The body was partially made of plastic and flat glasses: a distinctive sign of the new Panda, but really hard to harmonize in a car body. Giugiaro talks about it, using his Panda as an example of the capacities of Italians:

“they’re able to reach the maximum with very little.”

It was initially snobbish. In the beginning, it was purchased by people who appreciated its simplicity, the small few, rather than by people with small means. The Panda’s first customers were businessmen, engineers, and architects who referred to the Panda like it was a luxurious sedan.

“The real luxury of the Panda was the possibility to remove the excess. The luxury of the understatement, the non-embarrassing mobility; differences among classes was evened out with the Panda, just like the Beetle and the 500 did in the past.”

Time goes by, new models are launched and only after many years, do we understand how this project was modern and efficient.

It is now celebrated at the PandaRaid, at “Panda a Pandino” meeting or with the slogan “Save the Panda” which echoes the real campaign by WWF for the animal. The original Fiat Panda, with the 4×4 as the forerunner, is entering the world of car design icons.

A Million Steps

There was a time when nobody could conceive the Coca-Cola bottle as an icon, nor the Rolex Daytona, nor the Fiat 500.

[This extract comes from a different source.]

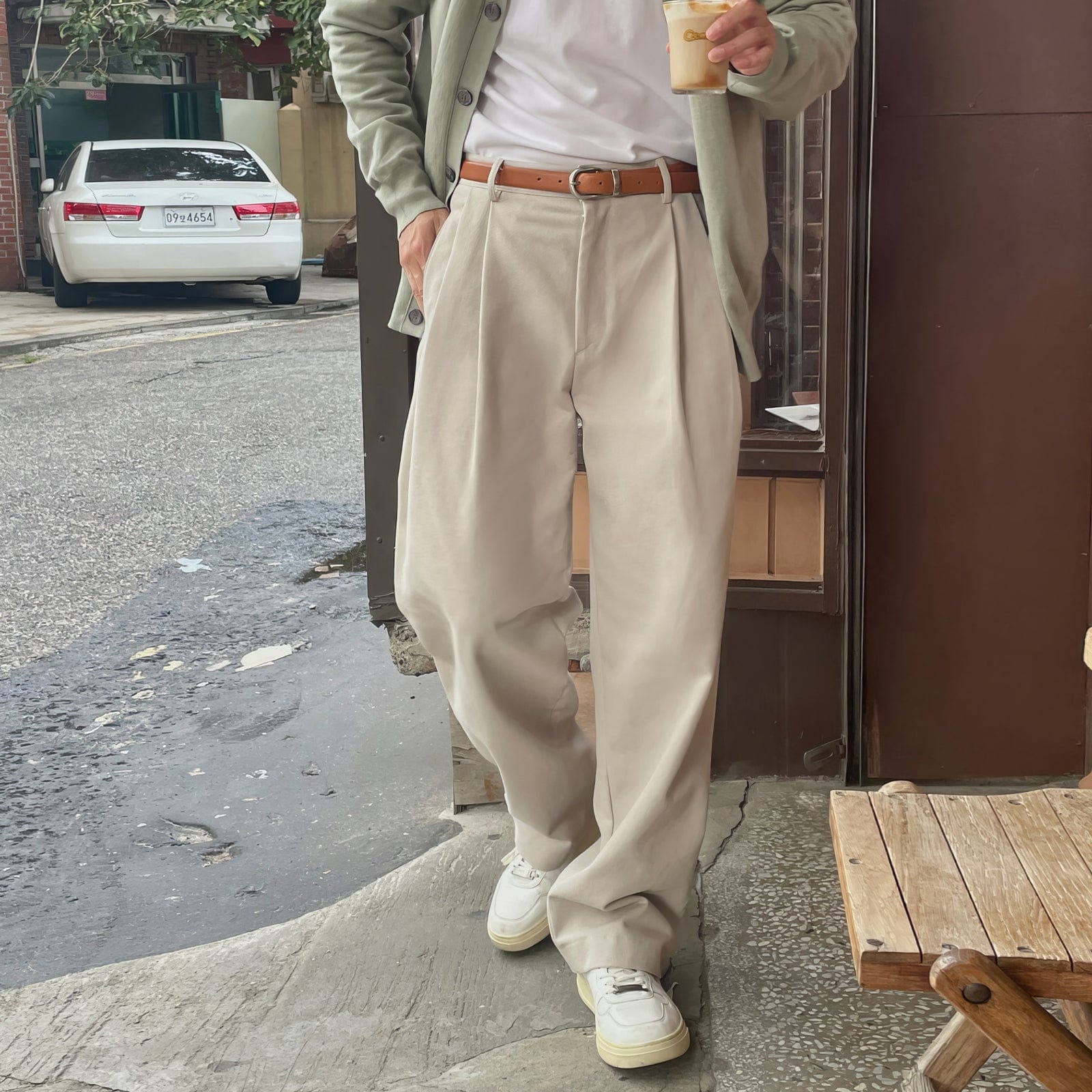 RT No. 13016 PLEATED CREAM STRAIGHT PANTS – REALTAKAI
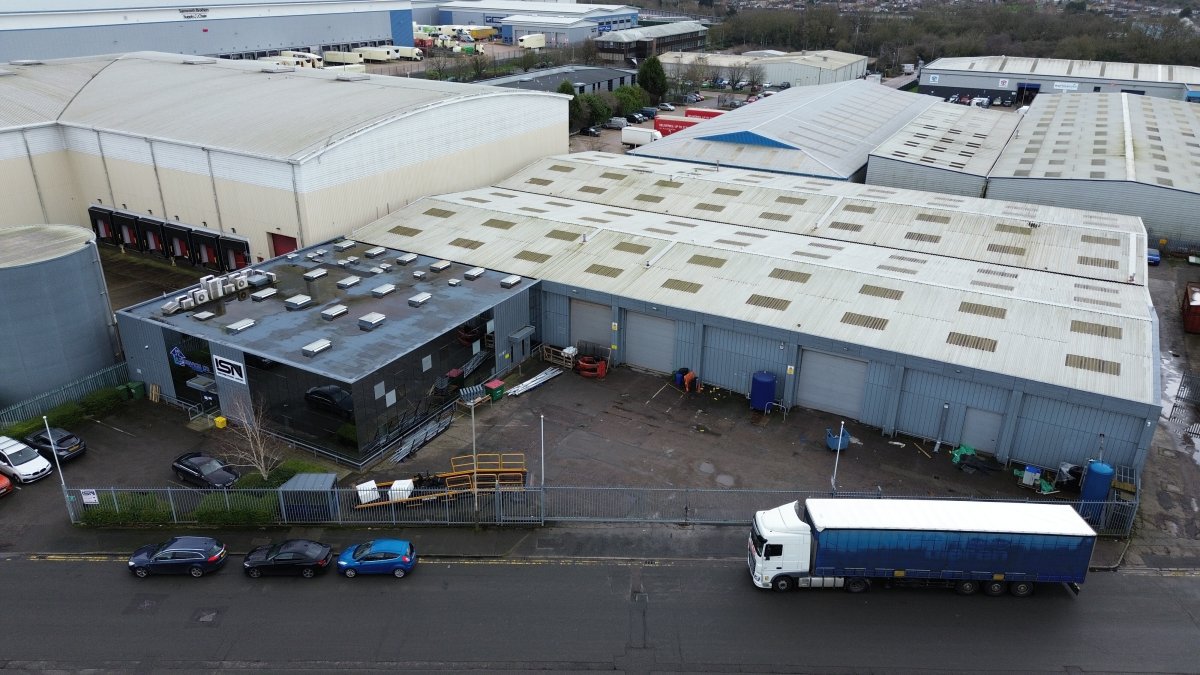 Industrial Unit in Leicester - photo 2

So, if the 500 is so popular all over the world, why shouldn’t be the same be said for the Panda, with 5 million models produced and a recent exposition at Car Basel alongside other masterpieces?

“Just because it has a squared shape instead of the rounded and reassuring one of 500 model?”

Its rational shape for the maximum inner space, with the minimum outer dimensions, is one of the privileges of its design by Giorgetto Giugiaro, one of our best Italian designers.

A Million Steps

He worked on many concepts and supercars (Maserati, Lotus, and Lamborghini, for example) but he is particularly proud of his small and mid-sized projects, such as the first Volkswagen Golf, the Fiat Uno, Punto, the Daewoo Matiz and, as well the Panda. With this car, he won the 1980 Compasso d’Oro award by ADI, the Italian Design Association.

Thanks to this foundation, in 1983 Fiat presented the Panda “4×4”, its natural evolution: it was a revolutionary small 4 wheel drive car, the first ever in its category that allowed people driving in the mountains or up to the hills, to move easily in all weather and ground conditions.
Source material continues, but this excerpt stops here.